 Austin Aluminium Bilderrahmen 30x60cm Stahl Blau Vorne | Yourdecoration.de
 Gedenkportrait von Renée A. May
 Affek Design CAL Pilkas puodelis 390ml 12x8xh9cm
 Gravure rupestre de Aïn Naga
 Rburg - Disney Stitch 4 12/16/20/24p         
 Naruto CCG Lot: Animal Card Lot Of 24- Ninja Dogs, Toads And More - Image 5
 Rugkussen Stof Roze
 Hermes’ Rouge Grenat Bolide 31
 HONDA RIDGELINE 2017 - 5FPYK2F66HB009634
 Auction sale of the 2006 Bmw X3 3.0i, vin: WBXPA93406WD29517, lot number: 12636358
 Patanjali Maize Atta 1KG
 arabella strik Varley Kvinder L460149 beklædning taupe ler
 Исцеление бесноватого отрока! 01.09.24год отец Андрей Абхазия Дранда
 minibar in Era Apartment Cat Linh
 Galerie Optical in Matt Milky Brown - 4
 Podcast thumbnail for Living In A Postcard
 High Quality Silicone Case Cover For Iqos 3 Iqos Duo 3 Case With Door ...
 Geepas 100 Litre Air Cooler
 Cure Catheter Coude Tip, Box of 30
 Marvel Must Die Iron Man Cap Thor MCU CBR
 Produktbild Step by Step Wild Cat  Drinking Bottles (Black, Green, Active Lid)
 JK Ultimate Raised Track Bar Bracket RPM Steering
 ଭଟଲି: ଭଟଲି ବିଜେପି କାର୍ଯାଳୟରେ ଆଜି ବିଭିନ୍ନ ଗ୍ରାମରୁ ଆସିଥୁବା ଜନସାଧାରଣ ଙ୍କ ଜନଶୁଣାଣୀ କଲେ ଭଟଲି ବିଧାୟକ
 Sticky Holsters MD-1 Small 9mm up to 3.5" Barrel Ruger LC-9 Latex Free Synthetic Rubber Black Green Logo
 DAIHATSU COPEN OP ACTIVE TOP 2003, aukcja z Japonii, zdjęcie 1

□ □ □ □ □ □ □

Output these and nothing else: the lines from the one holding "Galerie Optical in Matt Milky Brown - 4" through the final line of the entries above, exactly as they appear.

 Galerie Optical in Matt Milky Brown - 4
 Podcast thumbnail for Living In A Postcard
 High Quality Silicone Case Cover For Iqos 3 Iqos Duo 3 Case With Door ...
 Geepas 100 Litre Air Cooler
 Cure Catheter Coude Tip, Box of 30
 Marvel Must Die Iron Man Cap Thor MCU CBR
 Produktbild Step by Step Wild Cat  Drinking Bottles (Black, Green, Active Lid)
 JK Ultimate Raised Track Bar Bracket RPM Steering
 ଭଟଲି: ଭଟଲି ବିଜେପି କାର୍ଯାଳୟରେ ଆଜି ବିଭିନ୍ନ ଗ୍ରାମରୁ ଆସିଥୁବା ଜନସାଧାରଣ ଙ୍କ ଜନଶୁଣାଣୀ କଲେ ଭଟଲି ବିଧାୟକ
 Sticky Holsters MD-1 Small 9mm up to 3.5" Barrel Ruger LC-9 Latex Free Synthetic Rubber Black Green Logo
 DAIHATSU COPEN OP ACTIVE TOP 2003, aukcja z Japonii, zdjęcie 1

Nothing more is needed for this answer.